** Opening Material provided block **

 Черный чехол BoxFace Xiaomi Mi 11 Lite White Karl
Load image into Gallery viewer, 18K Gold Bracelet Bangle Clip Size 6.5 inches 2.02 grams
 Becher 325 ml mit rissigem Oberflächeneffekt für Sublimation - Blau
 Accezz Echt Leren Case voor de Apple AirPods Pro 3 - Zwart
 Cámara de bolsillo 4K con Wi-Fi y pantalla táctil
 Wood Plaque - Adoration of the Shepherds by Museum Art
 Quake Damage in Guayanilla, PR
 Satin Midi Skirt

** Closing Material provided block **
** Opening Material provided block **

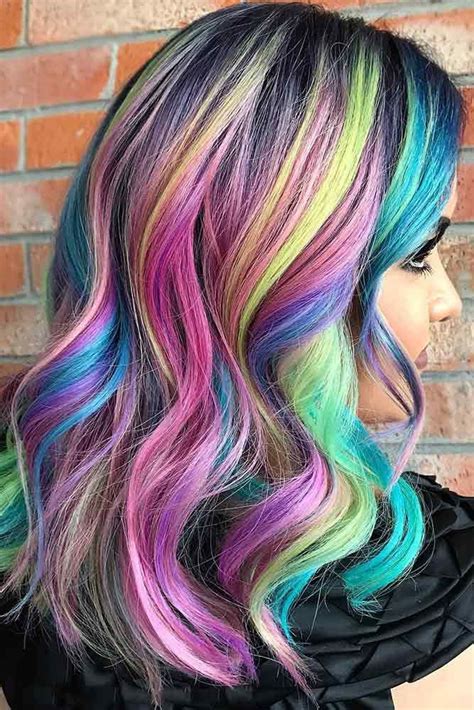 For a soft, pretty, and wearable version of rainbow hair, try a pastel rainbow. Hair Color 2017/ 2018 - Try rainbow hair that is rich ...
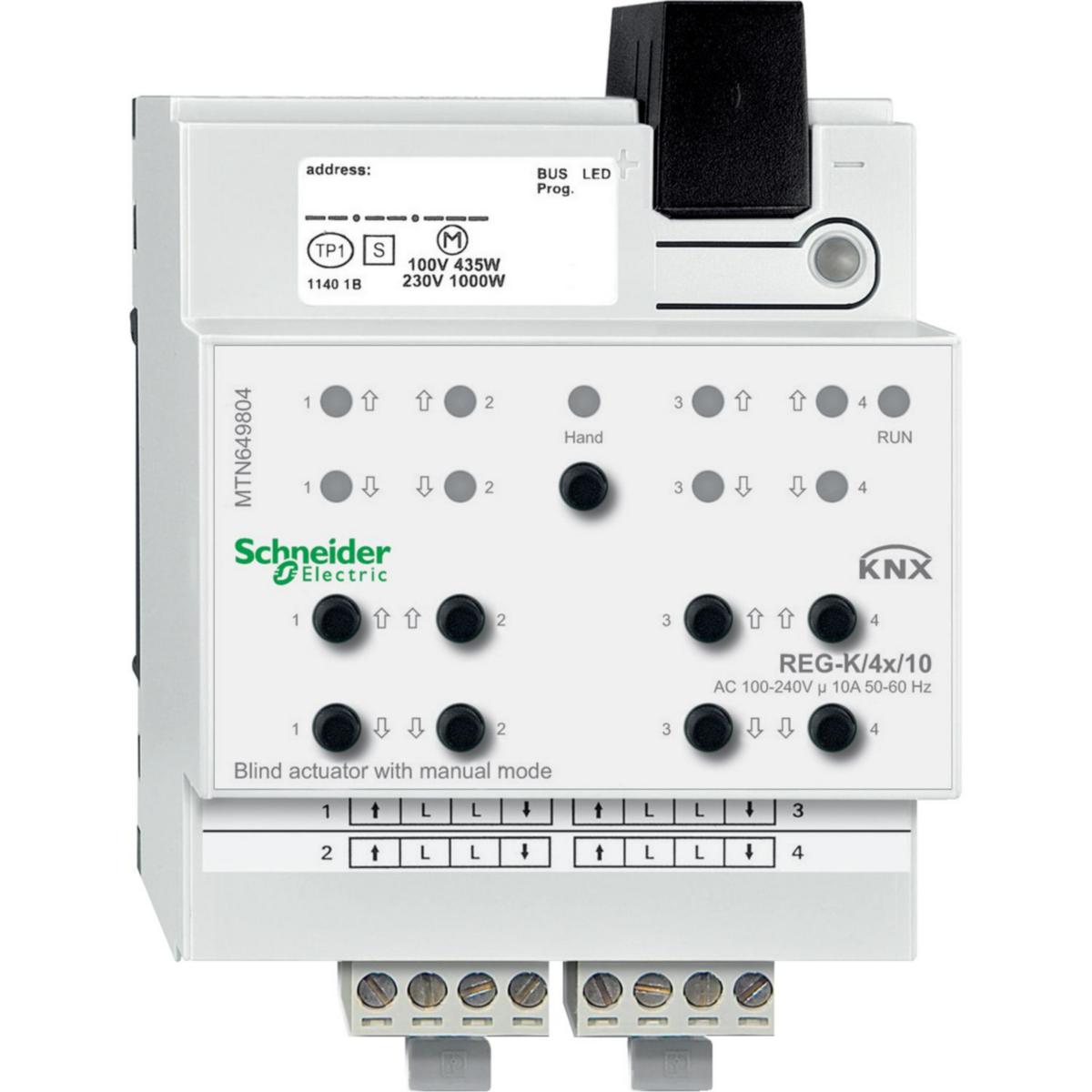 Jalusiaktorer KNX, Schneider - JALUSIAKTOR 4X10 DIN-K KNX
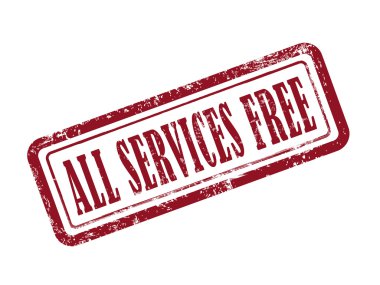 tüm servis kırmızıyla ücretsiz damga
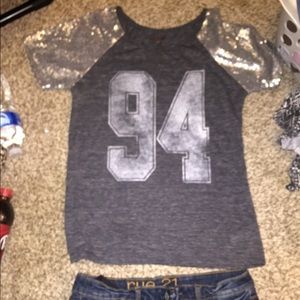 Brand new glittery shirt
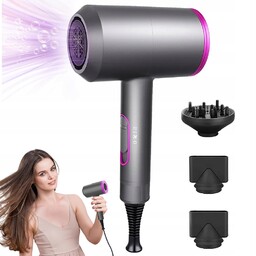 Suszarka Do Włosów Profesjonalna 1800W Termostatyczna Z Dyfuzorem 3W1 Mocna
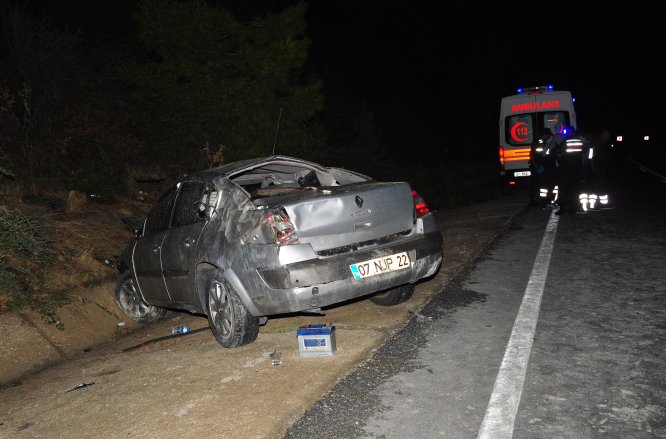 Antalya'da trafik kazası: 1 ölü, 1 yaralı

** Closing Material provided block **
** Opening Material provided block **

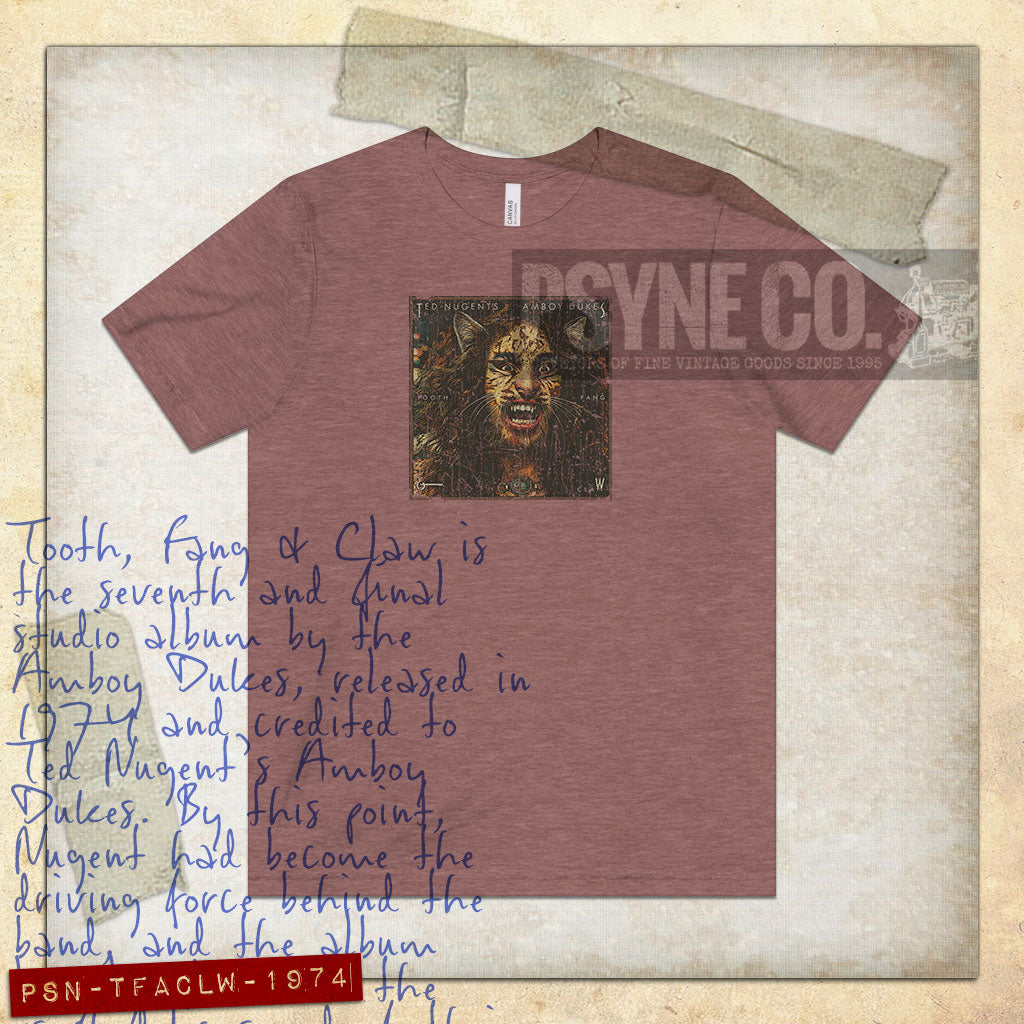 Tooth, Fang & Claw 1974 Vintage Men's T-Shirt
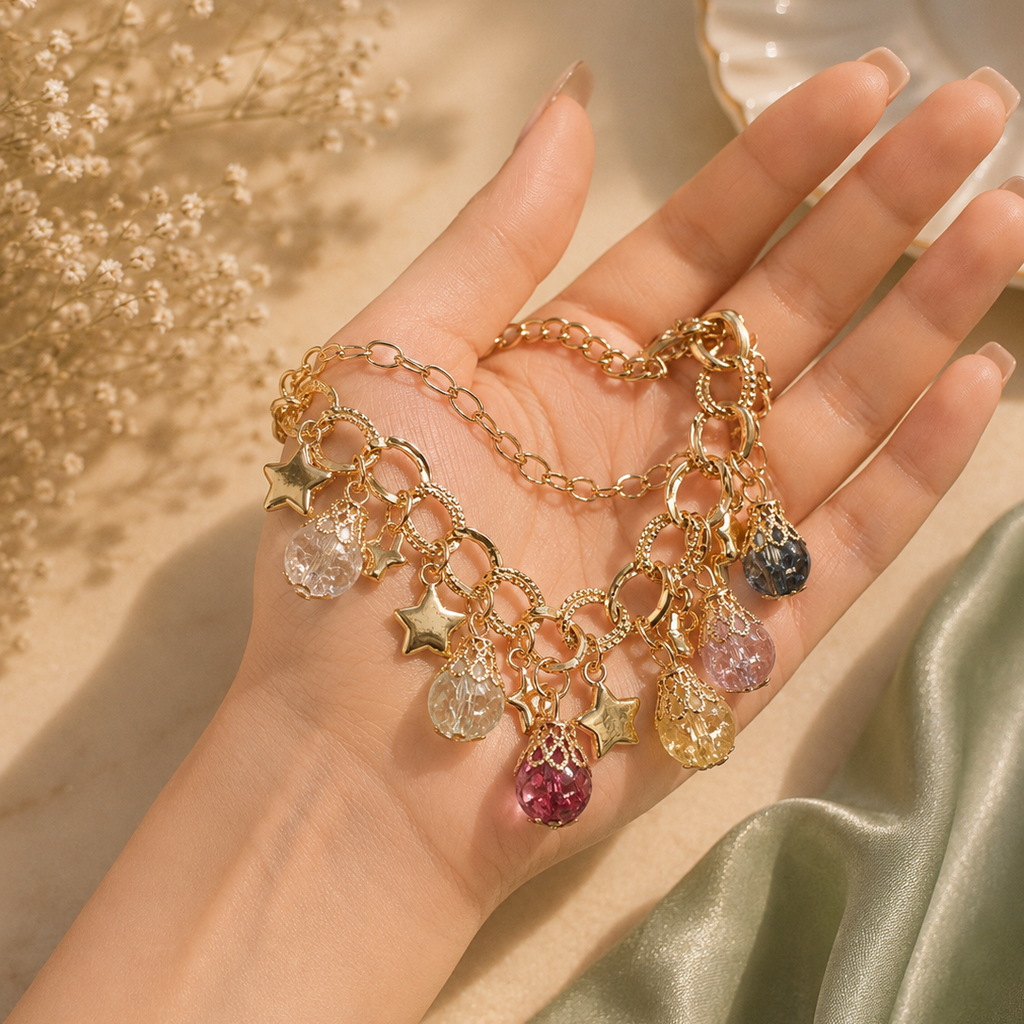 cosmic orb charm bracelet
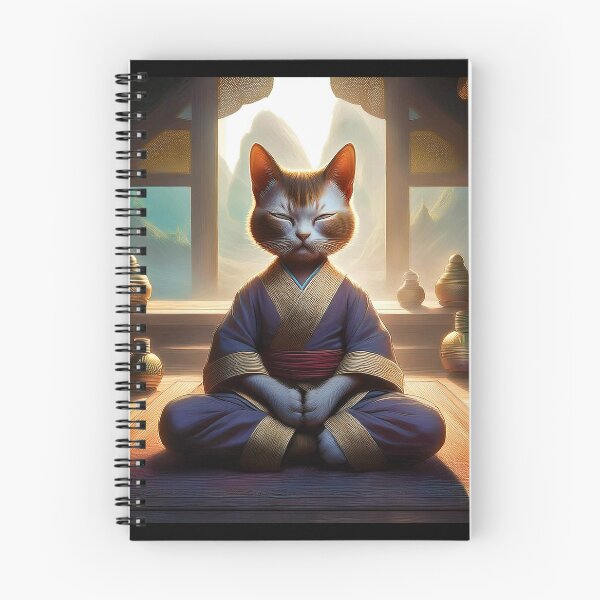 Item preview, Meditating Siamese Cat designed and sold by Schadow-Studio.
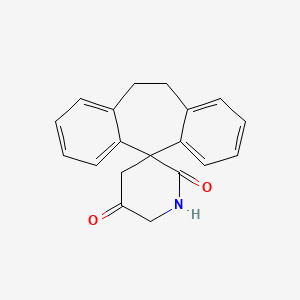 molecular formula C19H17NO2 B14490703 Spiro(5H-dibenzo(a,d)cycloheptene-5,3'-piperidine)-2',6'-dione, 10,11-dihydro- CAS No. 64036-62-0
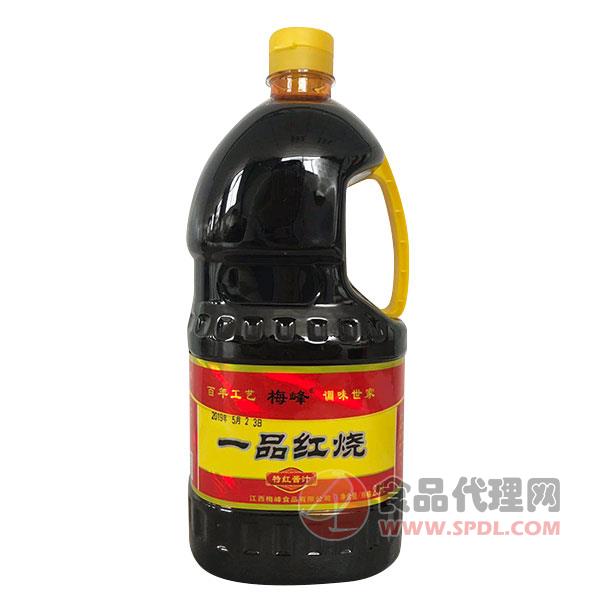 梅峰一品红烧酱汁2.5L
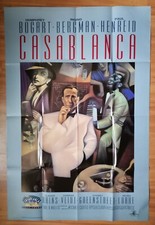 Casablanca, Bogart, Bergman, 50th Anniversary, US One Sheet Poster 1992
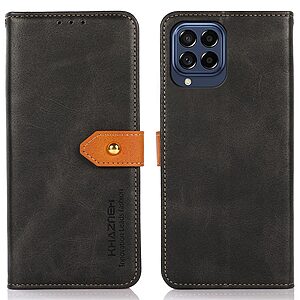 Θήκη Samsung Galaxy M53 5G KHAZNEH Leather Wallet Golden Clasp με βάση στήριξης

** Closing Material provided block **

*Description of the task*.
Find the line with "Jalusiaktorer KNX, Schneider" and the line with "Antalya'da trafik kazası: 1 ölü, 1 yaralı" in the records above. Copy both and all lines between them exactly, without pictures.

*Solution to the problem*.
 Jalusiaktorer KNX, Schneider - JALUSIAKTOR 4X10 DIN-K KNX
 tüm servis kırmızıyla ücretsiz damga
 Brand new glittery shirt
 Suszarka Do Włosów Profesjonalna 1800W Termostatyczna Z Dyfuzorem 3W1 Mocna
 Antalya'da trafik kazası: 1 ölü, 1 yaralı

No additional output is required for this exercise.